▶ _DATA EXCERPT_
========================
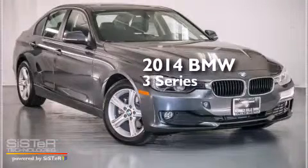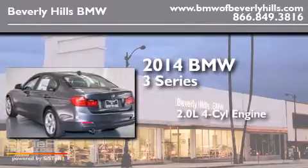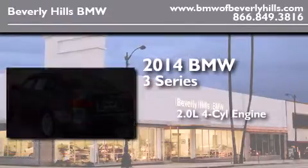This is a brand new 2014 BMW 3 Series. It features a 2.0-liter four-cylinder engine and an automatic transmission.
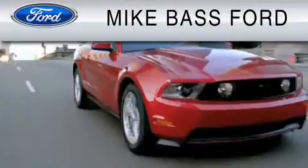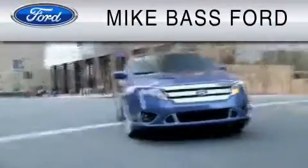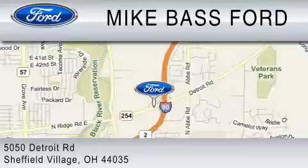Mike Bass Ford is dedicated to do everything possible to ensure that the experience you have selecting your vehicle is as pleasant as possible. We are located at 5050 Detroit Road in Sheffield Village.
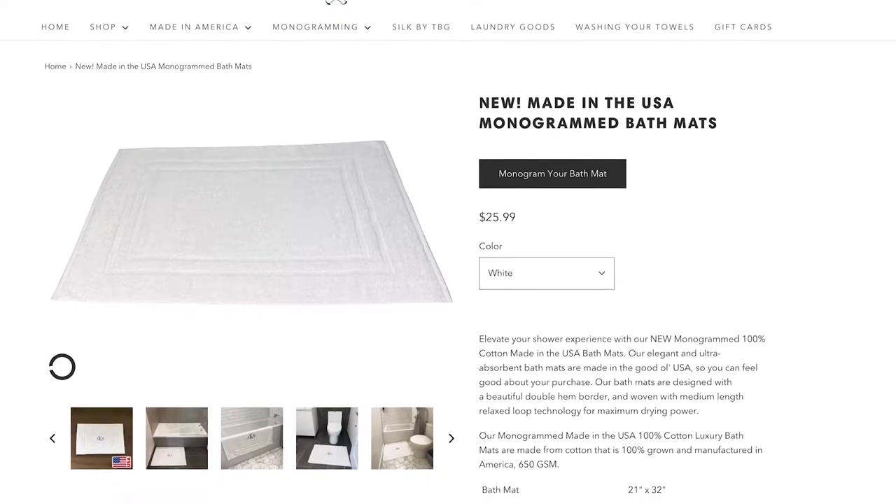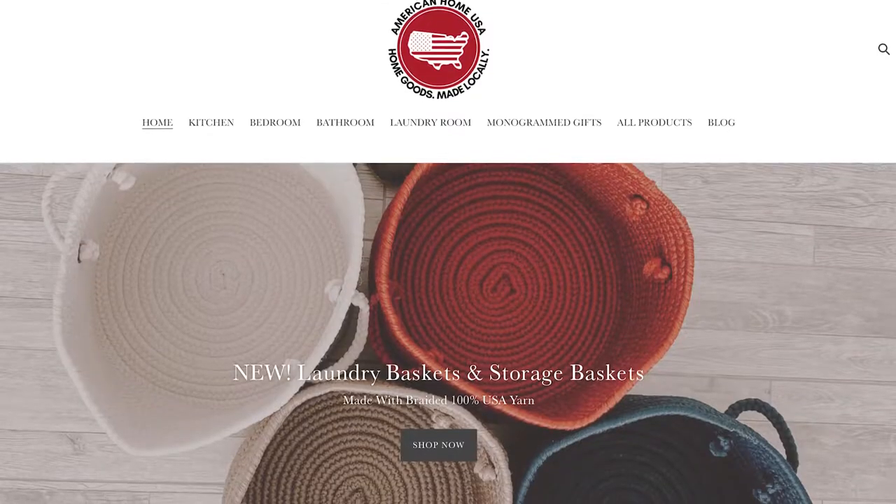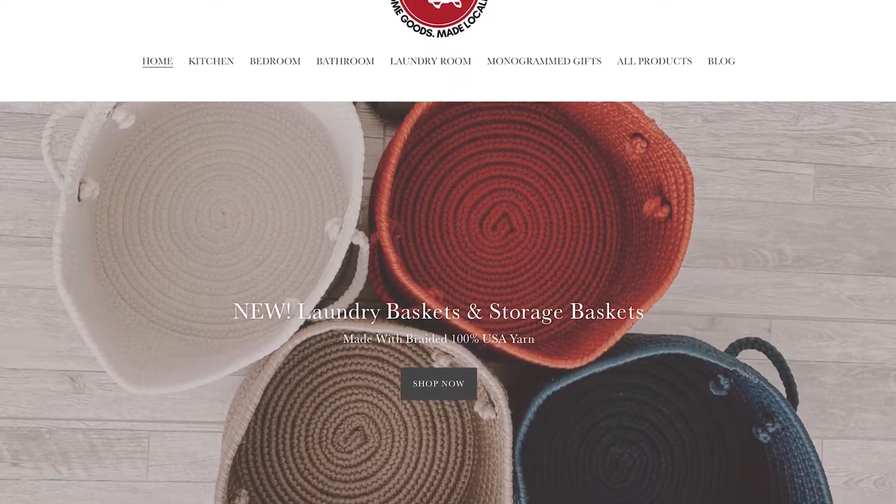Today, I'm excited to announce that we are giving away some custom monogram bath mats from Towels by Gus. On top of that, American Home USA has thrown in a Sky Storage Basket.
========================
▶ _WHAT YOU ARE ASKED TO DO_
Output the lines above in full and exactly as given, omitting any pictures.

▶ _YOUR SOLUTION_
This is a brand new 2014 BMW 3 Series. It features a 2.0-liter four-cylinder engine and an automatic transmission.
Mike Bass Ford is dedicated to do everything possible to ensure that the experience you have selecting your vehicle is as pleasant as possible. We are located at 5050 Detroit Road in Sheffield Village.
Today, I'm excited to announce that we are giving away some custom monogram bath mats from Towels by Gus. On top of that, American Home USA has thrown in a Sky Storage Basket.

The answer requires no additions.